The primary problem for Traditionalism is that for people who have little or no dancing experience, the visual aspect of people dancing is the main attraction. Similarly, for people who are unfamiliar with traditional tango music, contemporary and electronic tango sound much more familiar and enjoyable. So Evolutionary Tango has a ready-made public in that it appeals both in terms of the choreography and the sound. Traditionalist Tango suffers because it merely advocates travelling to Buenos Aires. What is necessary is a way of showing how learning about the culture is not merely for the sake of conforming to some distant tradition, but actually translates into beautiful dancing wherever it is done.

Tango music in historical context

Many people believe that tango music is just whatever falls under the genre Tango. As with Classical, Rock or Jazz, such a category is too general to be of much use. People decide that they like the sound of some random tango music and that they  want to dance to it, assuming that tango dancing is just dancing to whatever tango music with whatever tango steps. As with the other genres, education in music requires breaking down the genre into historically meaningful sub-categories.

For our purposes we only need to know that at a traditional Buenos Aires milonga tango is only ever danced to music recorded during the Golden Era or Epoca de Oro, that is, music recorded by around 20 orchestras in the period 1930-1953. In order to learn traditional Tango Estilo Milonguero this is the only music you need to listen and dance to. To put this in some context it is useful to look at the history of tango in terms of rough periods of its development:

Prior to 1800

British country dance spreads throughout Europe to be known as contradanse and contradanza. In Cuba a swinging rhythm from African music is added to the contradanza and this augmented form returns to Europe now known as the Habanera (see also Musicality).

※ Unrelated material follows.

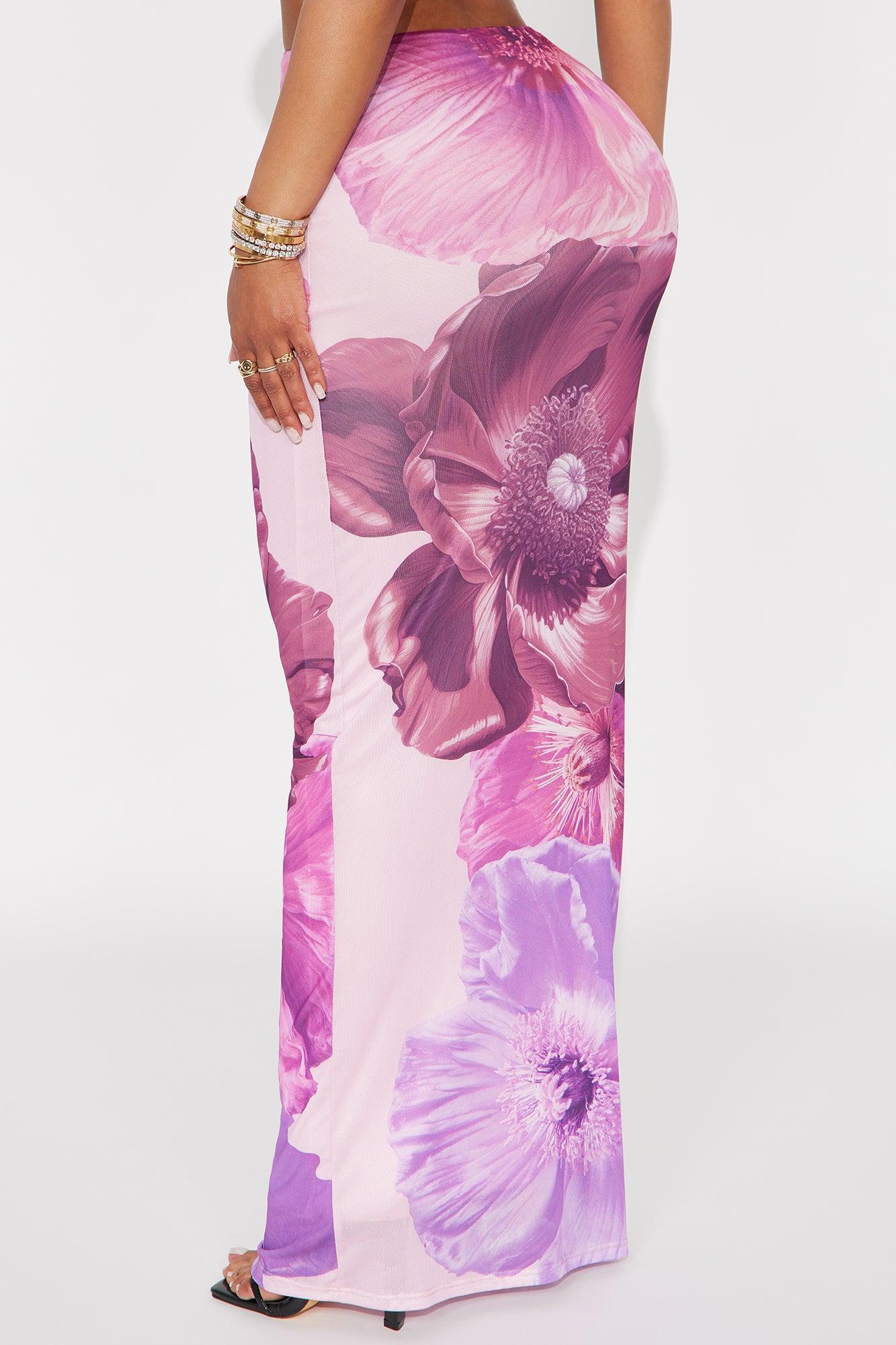 Take A Breath Mesh Maxi Skirt - Purple/combo Product Image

Contradanza/Habanera forms the basis of many folk dances including the milonga danced in the region Rio de la Plata between Montevideo and Buenos Ares. The main instruments used are guitar and flute. The bandoneon originally intended as a portable organ for small churches arrives from Germany around this time. Argentina invites a large influx of European migrant workers who comprise half of the population of Buenos Aires by the end of the century.

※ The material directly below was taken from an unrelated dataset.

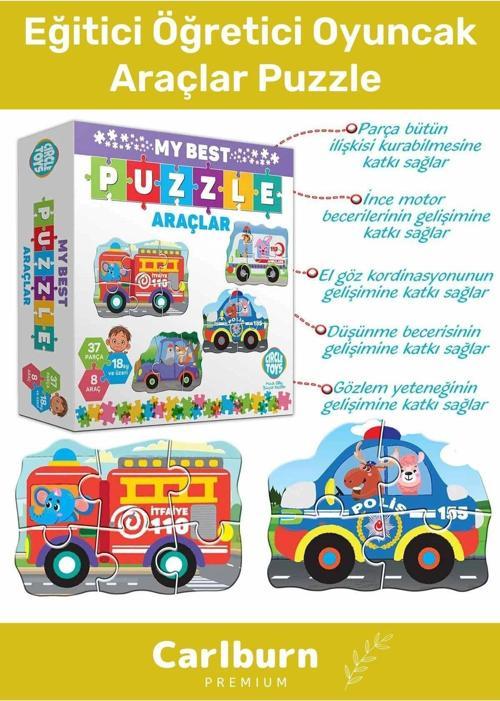 Özel Üretim 37 Parça 8 Araçlı Okul Öncesi Oyuncak Eğitici Öğretici Oyuncak Araçlar Puzzle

Tango is crystallizing as a new local creole form of music and dance. First ensembles devoted uniquely to tango emerge known as Orquesta Tipica Criolla. These early ensembles are quartets comprising guitar, flute, violin and bandoneon.


Tango gains acceptability with the upper classes and moves to cafes and salons in the city centre. The first recording studio is established in Buenos Aires. There is a tango craze in Europe and the US with tango orchestras led by Francisco Canaro touring France. Tango ensembles grow larger adding more bandoneons and violins. The guitar and flute are replaced by piano and double bass for a bigger sound.

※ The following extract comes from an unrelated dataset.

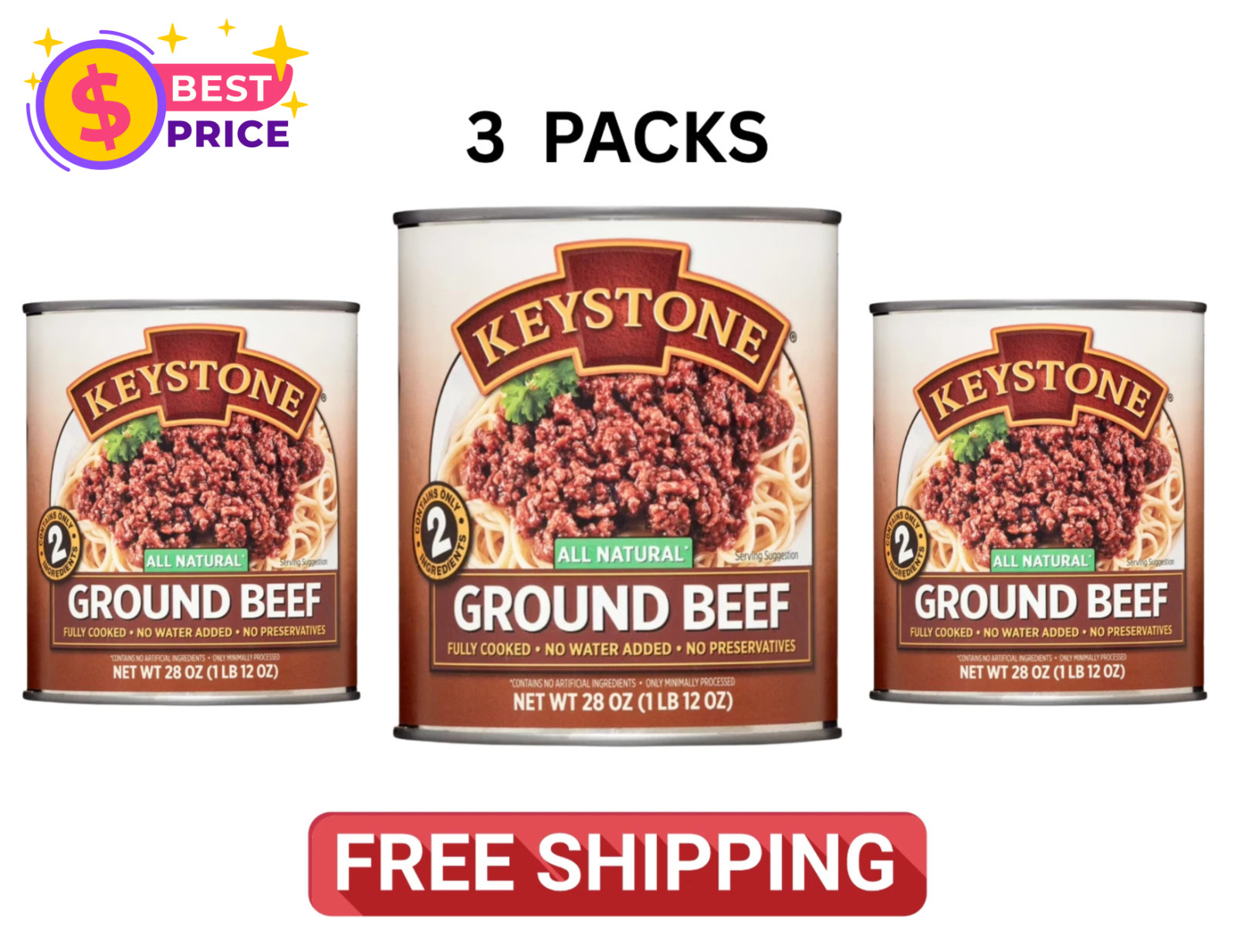 Keystone All Natural Ground Beef, 28 oz Can (3 pack)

Guardia Vieja or The Old Guard refers to the first large professional tango orchestras led by Canaro, Fresedo, Donato, De Caro, Lomuto, etc. that give us the first dancable recordings with a more traditional sound. These recordings are characterised by a slow steady beat. These recordings are usually played early at Buenos Aires milongas.


Juan D’Arienzo’s orchestra with Rodolfo Biagi arranging and playing the piano revolutionise danceable tango, playing tunes with a strong driving beat. They produce the most important set of classic recordings. It marks the early phase of the Golden Era and an important turning point in the emergence of tango as a popular form. All traditional milongas play sets of tangos from these recordings.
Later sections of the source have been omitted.